Your objective:
Every line of the listing below must be printed again exactly, apart from its pictures.

Collected material:
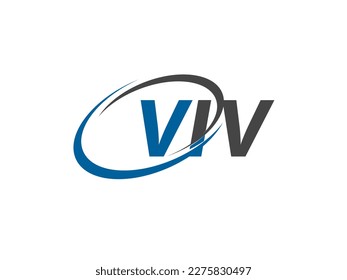 VIV letter creative modern elegant swoosh logo design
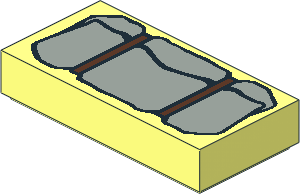 Tile  1 x  2 with Light Grey Bedroll Pattern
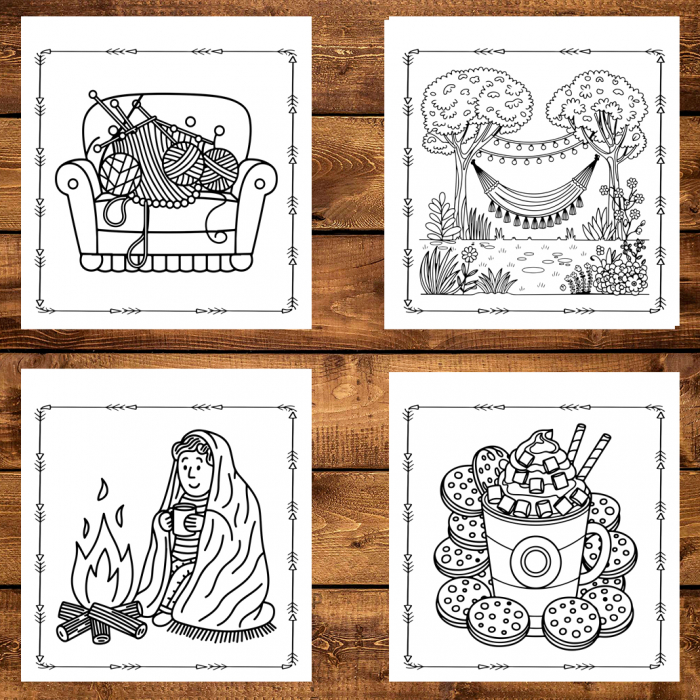 Carte de colorat antistres , 50 de ilustratii Cozy Winter - Volumul IV, 106 pagini [4]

Exercise response:
 VIV letter creative modern elegant swoosh logo design
 Tile  1 x  2 with Light Grey Bedroll Pattern
 Carte de colorat antistres , 50 de ilustratii Cozy Winter - Volumul IV, 106 pagini [4]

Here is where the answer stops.